Moving to VoIP: how to get more from using internet calls
15th Jul 2013 | 07:00
Steps to cut down telephony costs
Robust and reliable communications are essential for any business to remain efficient and competitive. Telephony with VoIP (voice over internet protocol) services is becoming increasingly commonplace across the small business community.
It is helped by the fact that most businesses already have the networks installed, but it also provides a number of advantages.
One is that the total cost of ownership is lower than with traditional voice and video technologies, and small businesses in particular like the bundled billing of all their telecom costs, which gives them more control over their cost centres.
In addition, multiple and remote sites can all be supported over one network, offering a level of integration from which smaller enterprises can benefit.
The technology underlying VoIP may be familiar, but it is critical that the systems, like any other business service are set up and optimised to realise their full potential.
Today this means optimising a company's use of SIP (session initiation protocol) trunking that replaces ISDN with a standard and more importantly, cheaper connection to the internet. The key with this technology is that it places the telecoms services into a layer that anyone within a business, no matter where they are, can access the VoIP services.
Enterprises should follow these steps to optimise their VoIP networks:
1. Perform a telecoms audit
VoIP may at first glance appear to be a panacea for a company's telecoms needs. But the reality is that a business should look closely at its telecoms usage now and try and project it into the future.
VoIP and the network that supports it can then be upgraded where necessary to ensure fully optimised services.
2. Assess network capability
Businesses often assume that their existing network can easily cope with VoIP when it is installed, when the reality is very different.
It is crucial to fully assess and test the existing network infrastructure, and more importantly the available bandwidth.
Bandwidth availability and VoIP performance are directly linked and have a significant impact on VoIP optimisation.
3. Server performance
Bandwidth and network connections also rely on high performance servers to deliver the VoIP data packets on which the quality of the service relies. Older servers that may have high latency levels and weak I/O interfaces may need to be upgraded to at least 100 Mbps.
Dell's PowerEdge servers are good examples of server platforms that are ideal for VoIP applications.
4. Perform a stress test
It is important when optimising your VoIP services to perform a number of stress tests to see if all of the components of a network can cope with the added demands that VoIP will create.
The level of traffic over a network will ebb and flow, but focus on peak times to see how well – or not – VoIP calls perform at these times. This will instantly identify where upgrades are needed.

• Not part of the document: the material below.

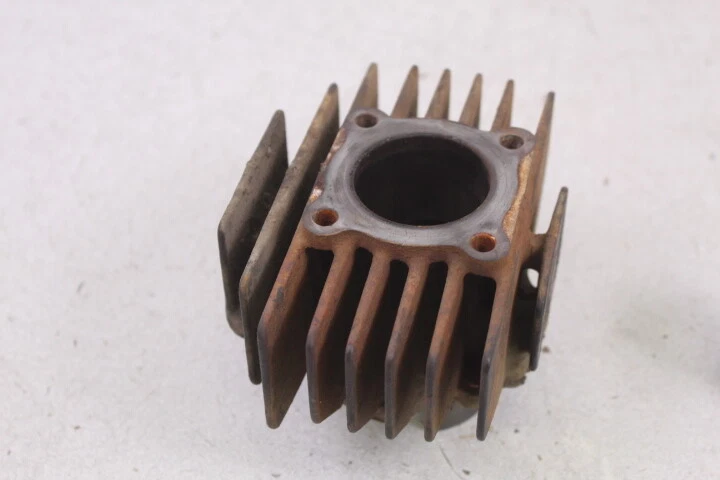 1980 YAMAHA Champ LC50 LC 50 Cylinder Jug with Piston 40mm - Imagem 4 de 4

5. Check for interoperability
It's critical that each component in a VoIP system is interoperable. These include soft-phone clients, handsets, VoIP gateways, SIP servers and firewalls. Each of these components must work together to deliver a fully optimised service.
Transitioning to a VoIP platform requires careful planning. The systems are IP based and so need to be optimised along with the other IP traffic that a business network will have to manage.
To ensure a fully optimised VoIP installation it's necessary to take an overview of all IP traffic. Only then will a business be able to fully optimise its VoIP and begin to reap the benefits.